Seeking a future free of fossil fuels: why the past matters

This latest blog comes from Simon Pirani, who recently gave a seminar at the College on the quest for a fossil-fuel free future. You can also download a copy of his slides as a PDF.

How did we get into this mess? The world economy wolfs down fossil fuels at more than four times the rate it did in the mid-twentieth century. Since the world’s governments gathered at the Rio conference in 1992, and acknowledged the need to cut fossil fuel use, it has risen by more than 60 per cent.

To make the transition away from fossil fuels, an understanding of the historical drivers of this consumption growth is vital.

Welcodme to the fabulous anthropocene era

The broader context is the Anthropocene epoch that earth systems scientists have concluded we live in, in which human activity impacts the natural world at as great a scale as big natural forces. There has been a “great acceleration” of these impacts since the mid twentieth century; fossil fuel use and the greenhouse gas emissions it causes is central to this.

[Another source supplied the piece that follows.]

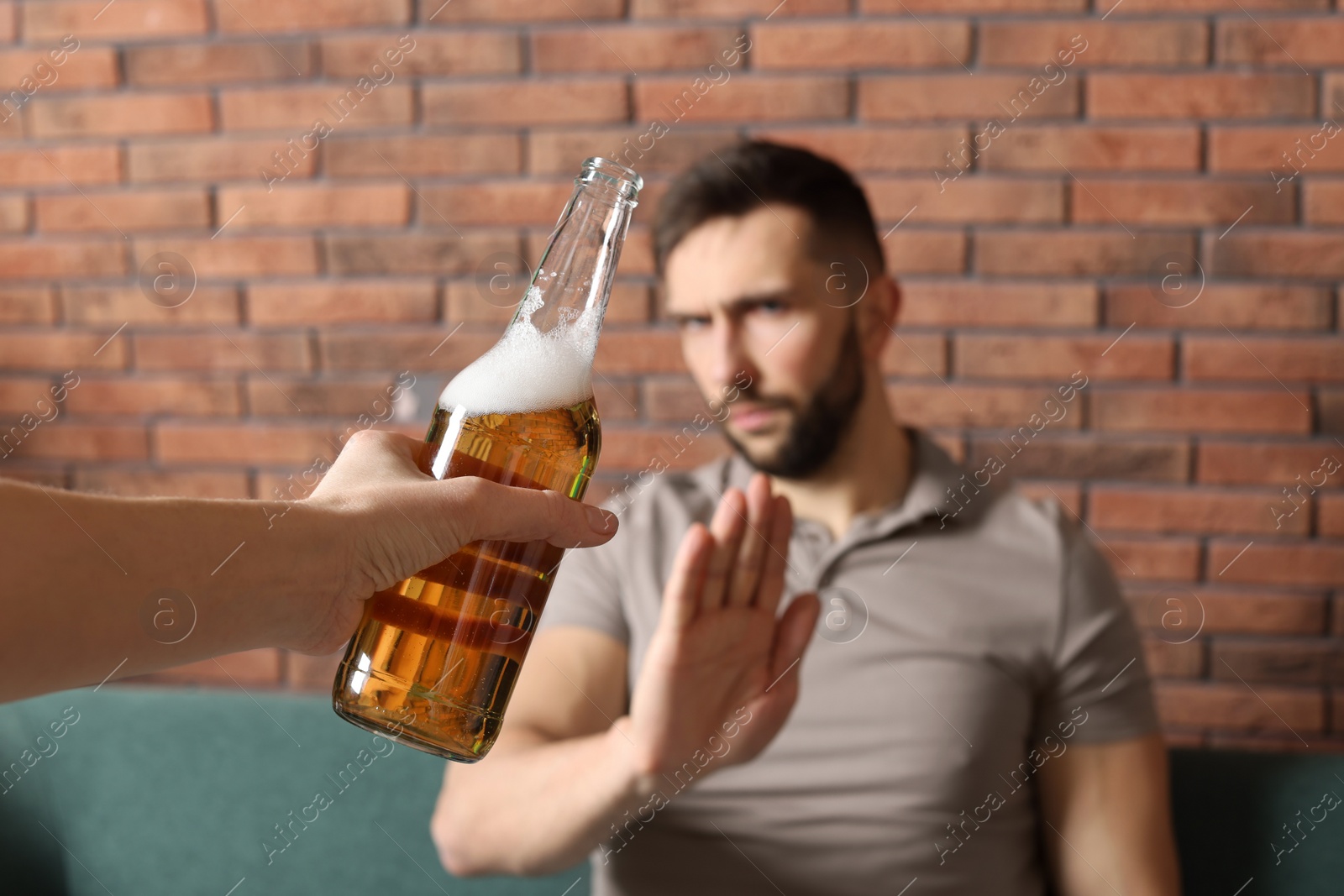 Photo of Man refusing to drink beer indoors, closeup. Alcohol addiction treatment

Consumption of commercially traded energy, 1965-2014
Consumption of commercially traded energy, 1965-2014

But fossil fuels are not consumed by an undifferentiated humanity. They are consumed by people living in specific social and economic relations with each other: predominantly, in the late 20th century capitalist economy. That economy’s expansion is the framework within which fuel consumption has grown. The technological systems that are the largest fuel consumers – electricity systems, urban transport systems and built environments, military systems, and so on – are controlled by small groups of people, in the context of broader relations of wealth and power.

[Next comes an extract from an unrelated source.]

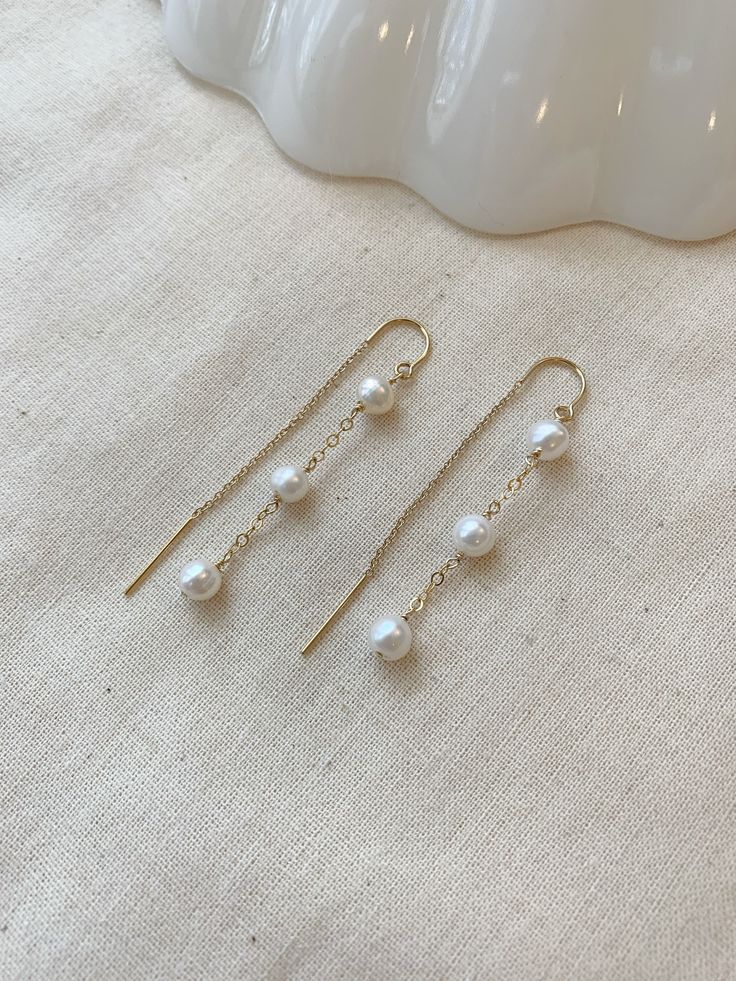 "These dainty Pearl threader earrings are classic and minimal. They look lovely paired with your special occasion outfits or a night out! The chain \"threads\" through the ear and stays in place!  Details: * Choose from 925 Sterling Silver or 14K Gold Filled * 5mm off round white Pearls * Approximately 2.25\" length * Made with all hypoallergenic materials 🤍 ✨ See all Pearl Jewelry here!: https://fanyv88.com:443/https/etsy.me/3zMbXyh WHAT TO KNOW ABOUT YOUR MAGBEE JEWELRY PURCHASE: 🤍 All MagBee pieces are safe for Dainty Chain Earrings, Delicate White Earrings With Adjustable Chain, Dainty White Pearl Drop Threader Earrings, White Dainty Pearl Drop Threader Earrings, White Dainty Threader Earrings With Pearl Drop, Minimalist Threader Earrings With Adjustable Chain For Wedding, Minimalist Wedding Threader Earrings With Adjustable Chain, White Adjustable Chain Dangle Threader Earrings, White Dangle Threader Earrings With Adjustable Chain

Moreover, most fossil fuels are consumed in the labour process broadly defined, i.e. in the production of agricultural and industrial goods and services, construction, and so on. A relatively small portion of fossil fuel use is attributable to individuals at household level, overwhelmingly in the rich world.

In researching fossil fuel consumption history for a recent book, I took changes in the big technological systems, and the way they are embedded in social and economic systems, as the starting point.

Explaining fossil fuel consumption growth means synthesising work by engineers and environmentalists on one hand, and researchers of economy, society and politics on the other. Methodological problems that remain live, in my view, include:

Fuel consumption growth is correlated with economic growth, but not with population growth.

“Economic and population growth continue to be the most important drivers of increases in CO2 emissions”, the Summary for Policymakers of the IPCC’s Fifth Assessment Report (2014) states. This oversimplified assertion needs to be questioned. There is a clear correlation between measures of economic growth (e.g. aggregate Gross Domestic Product) and fuel consumption levels, but no such correlation between population growth and consumption growth.

Take the two largest fossil fuel consumers of the past forty years. In China, population growth has been steady, while the sharp acceleration of fossil fuel consumption growth in the 2000s was obviously related to the industrial boom. In the USA, fossil fuel consumption growth has zig-zagged. It has gone into reverse three times, twice because of oil price shocks in the 1970s, and once because of the economic crisis of 2008-09.

Primary commercial energy use, millions tonnes oil equivalent
Primary commercial energy use, millions tonnes oil equivalent

Another significant example is Russia, where for the last forty years population has been falling, but fossil fuel consumption has risen. There was a sharp drop in fuel consumption in the 1990s; again, that correlated with an economic slump.

Because people consume fossil fuels in a mediated way, through technological, social and economic systems, the relationship between population growth and consumption growth is indirect; it is mediated through those systems.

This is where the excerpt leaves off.